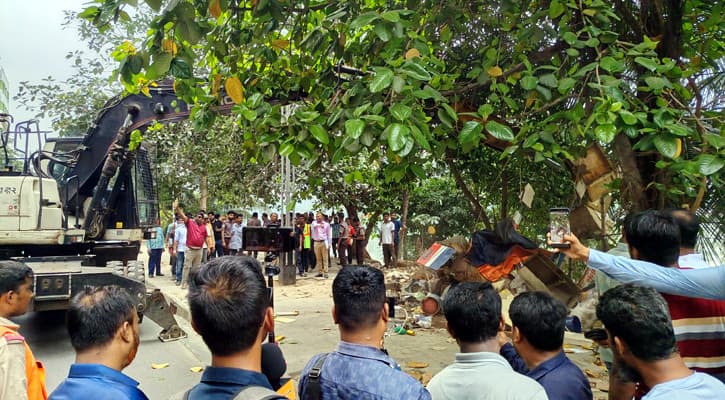 Joint drive to clear footpaths in Gulshan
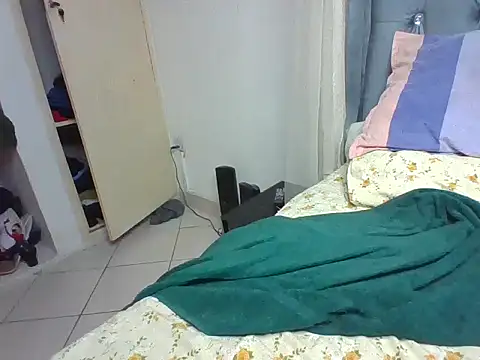 Sexybee01 online show from June 2026 06:56:01 PM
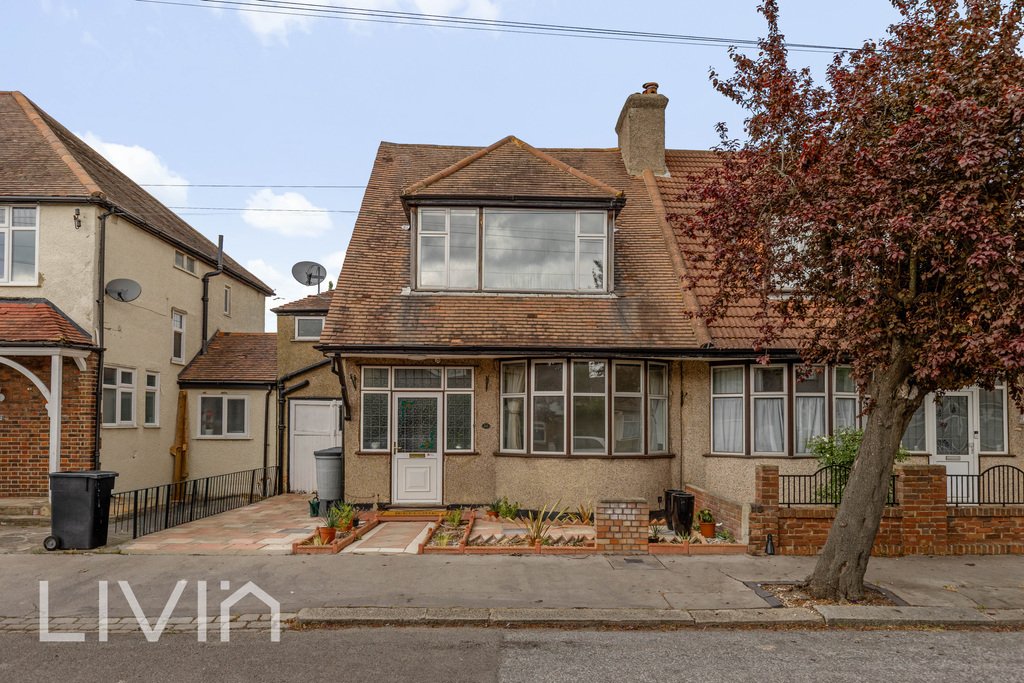 House in Addiscombe, London Borough of Croydon, England 1 - 17939030
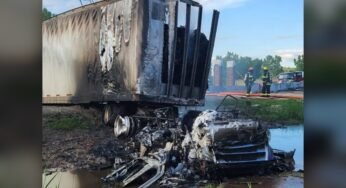Motorista de caminhão escapa de veículo em chamas com ajuda de outro caminhoneiro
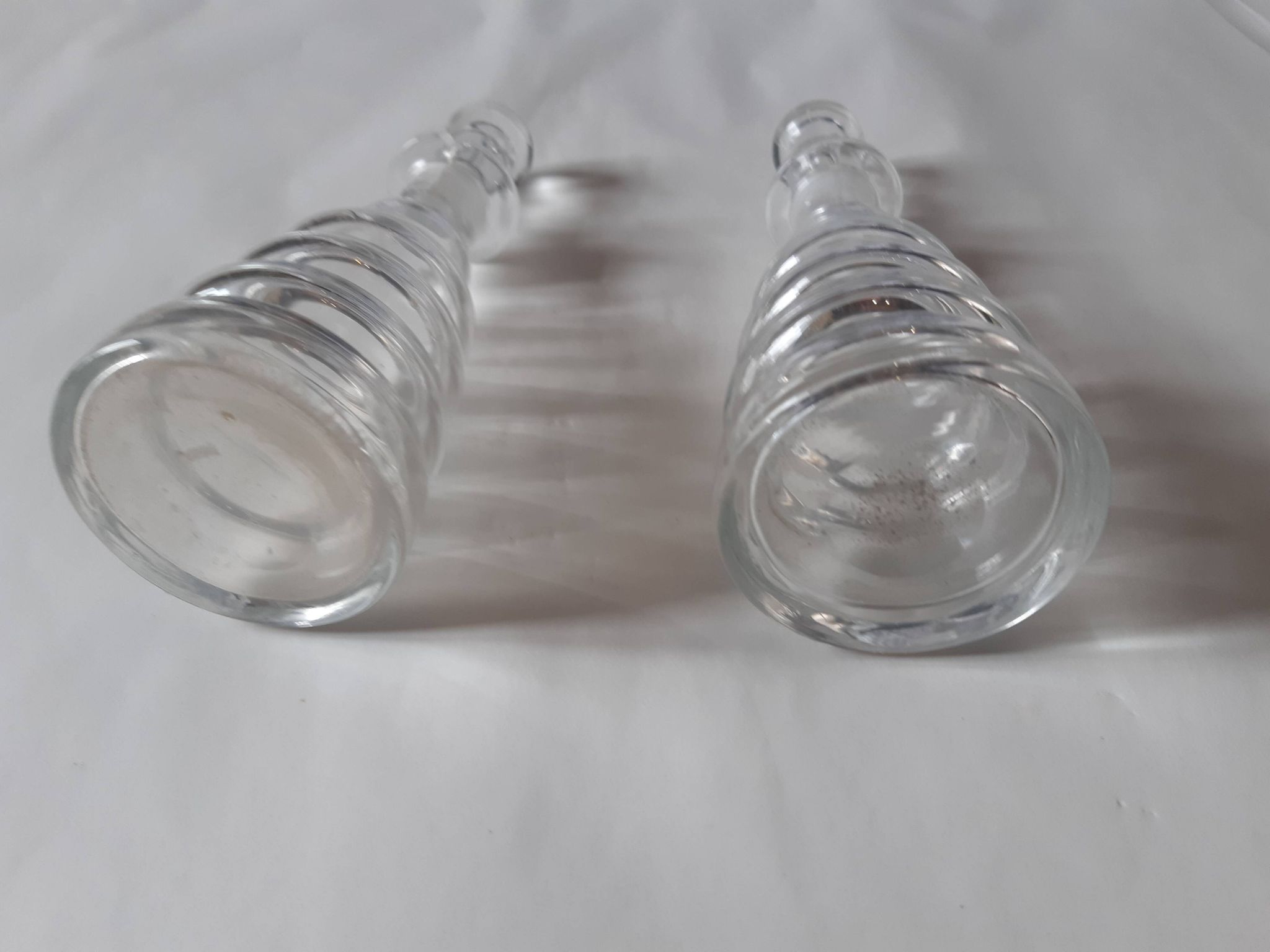 Lot de deux burettes huile et vinaigre en verre tourné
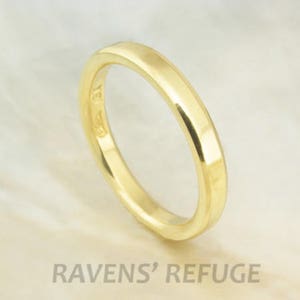 yellow gold wedding band 3mm flat band with beveled edges, 18k gold image 4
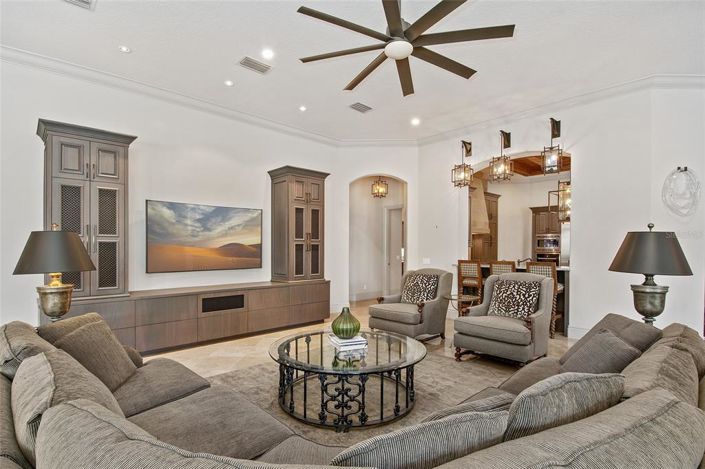 Image No.21-5 Bed Property for sale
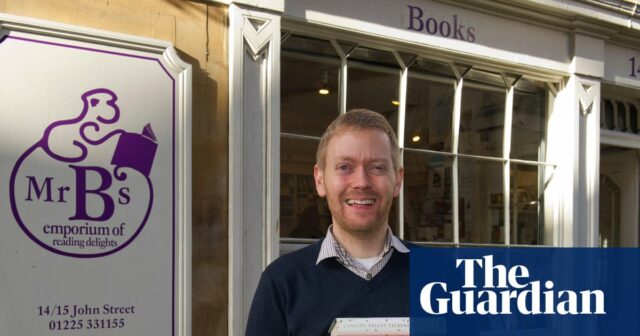 'Um dispositivo na batalha versus a Amazon': livrarias independentes para começar a oferecer e-books 

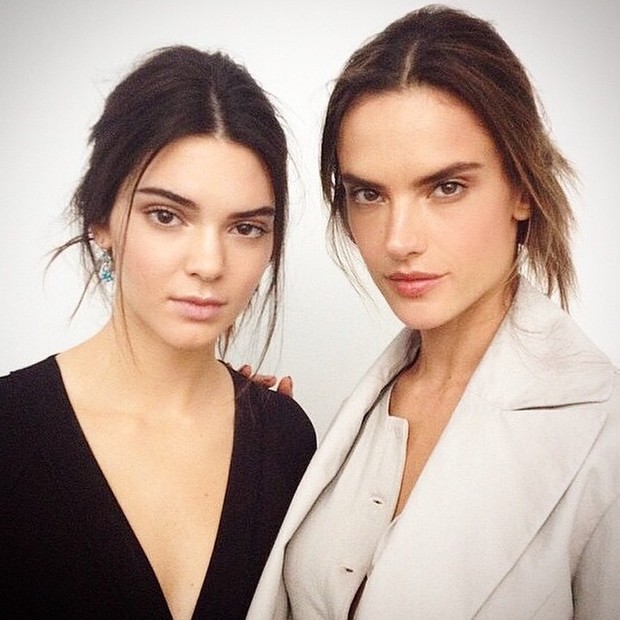 Kendall Jenner e Alessandra Ambrósio no backstage do desfile da Bottega Veneta, na semana de moda de Milão (Foto: Reprodução/Instagram)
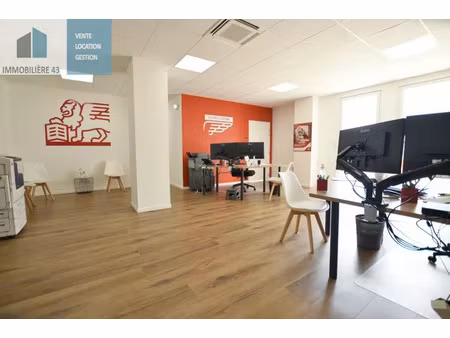 location commerce 150 m² à le puy-en-velay (43000)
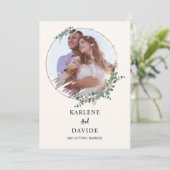 Elegant Eucalyptus Greenerity Script-Foto Einladung (Stehend Vorderseite)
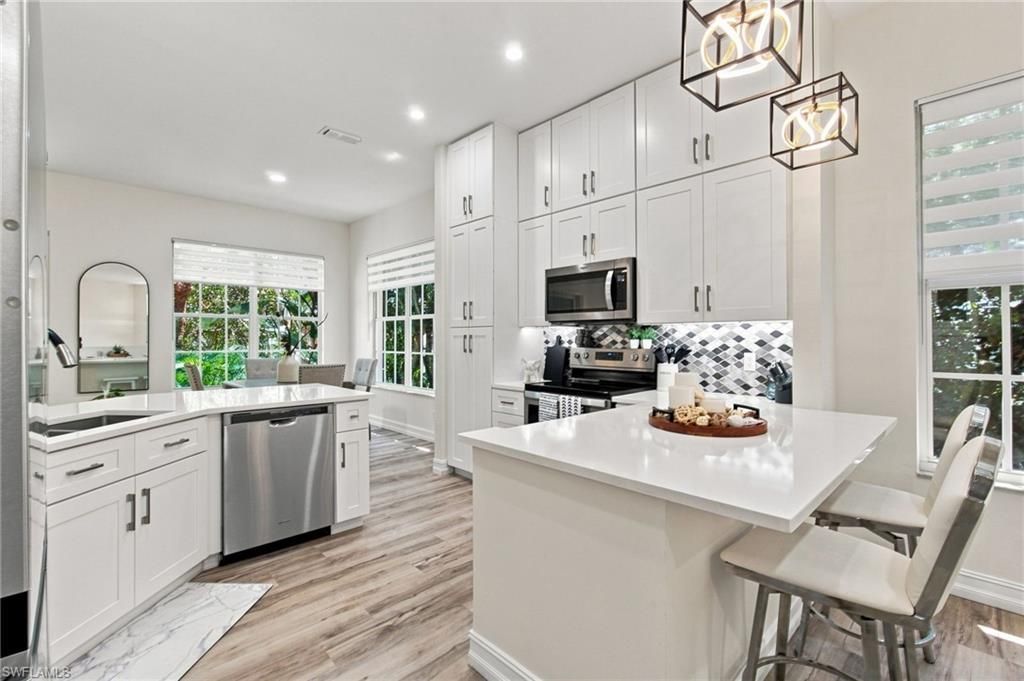 901 Egrets Run, Unit 202, Naples, FL 34108 Photo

WHAT TO PRODUCE :: Pictures stay out; reproduce exactly the lines from the one containing "Motorista de caminhão" through the last line of the listing, both included.

RESPONSE FOR THIS EXERCISE ::
Motorista de caminhão escapa de veículo em chamas com ajuda de outro caminhoneiro
 Lot de deux burettes huile et vinaigre en verre tourné
 yellow gold wedding band 3mm flat band with beveled edges, 18k gold image 4
 Image No.21-5 Bed Property for sale
 'Um dispositivo na batalha versus a Amazon': livrarias independentes para começar a oferecer e-books 

 Kendall Jenner e Alessandra Ambrósio no backstage do desfile da Bottega Veneta, na semana de moda de Milão (Foto: Reprodução/Instagram)
 location commerce 150 m² à le puy-en-velay (43000)
 Elegant Eucalyptus Greenerity Script-Foto Einladung (Stehend Vorderseite)
 901 Egrets Run, Unit 202, Naples, FL 34108 Photo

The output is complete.